Assigned task >> Give back every line of the material below exactly, but no images.

Exercise data >>

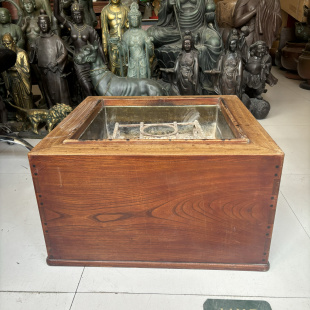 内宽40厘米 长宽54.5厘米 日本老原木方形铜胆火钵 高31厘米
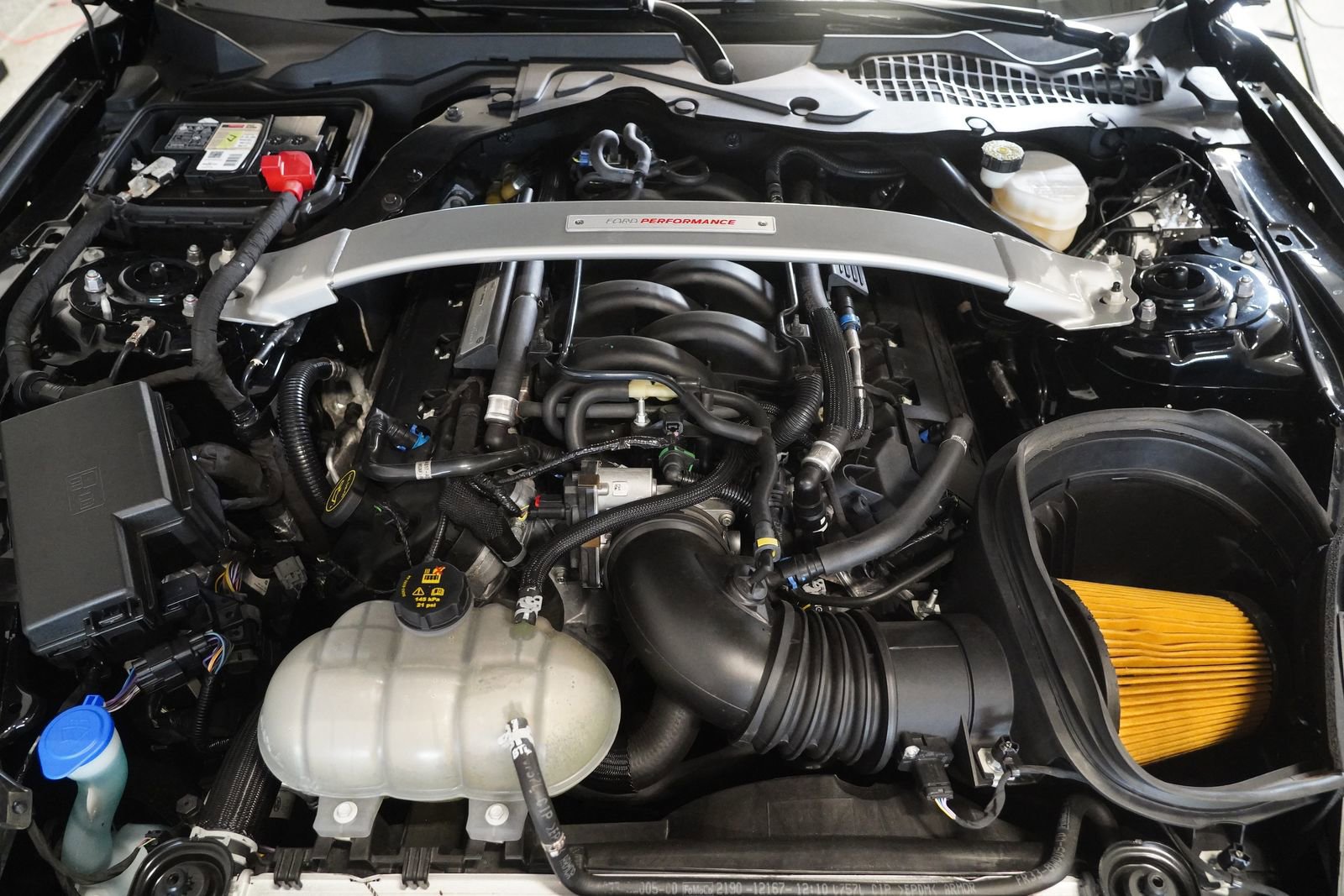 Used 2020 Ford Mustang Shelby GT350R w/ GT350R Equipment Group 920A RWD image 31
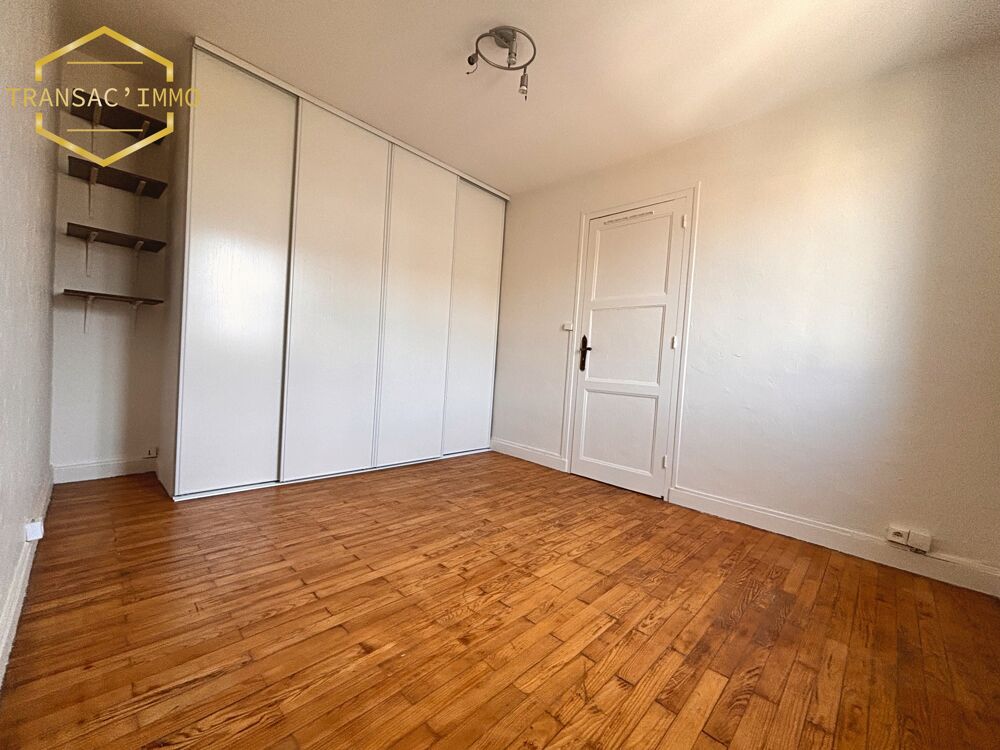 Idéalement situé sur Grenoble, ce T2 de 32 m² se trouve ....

Response >>
 内宽40厘米 长宽54.5厘米 日本老原木方形铜胆火钵 高31厘米
 Used 2020 Ford Mustang Shelby GT350R w/ GT350R Equipment Group 920A RWD image 31
 Idéalement situé sur Grenoble, ce T2 de 32 m² se trouve ....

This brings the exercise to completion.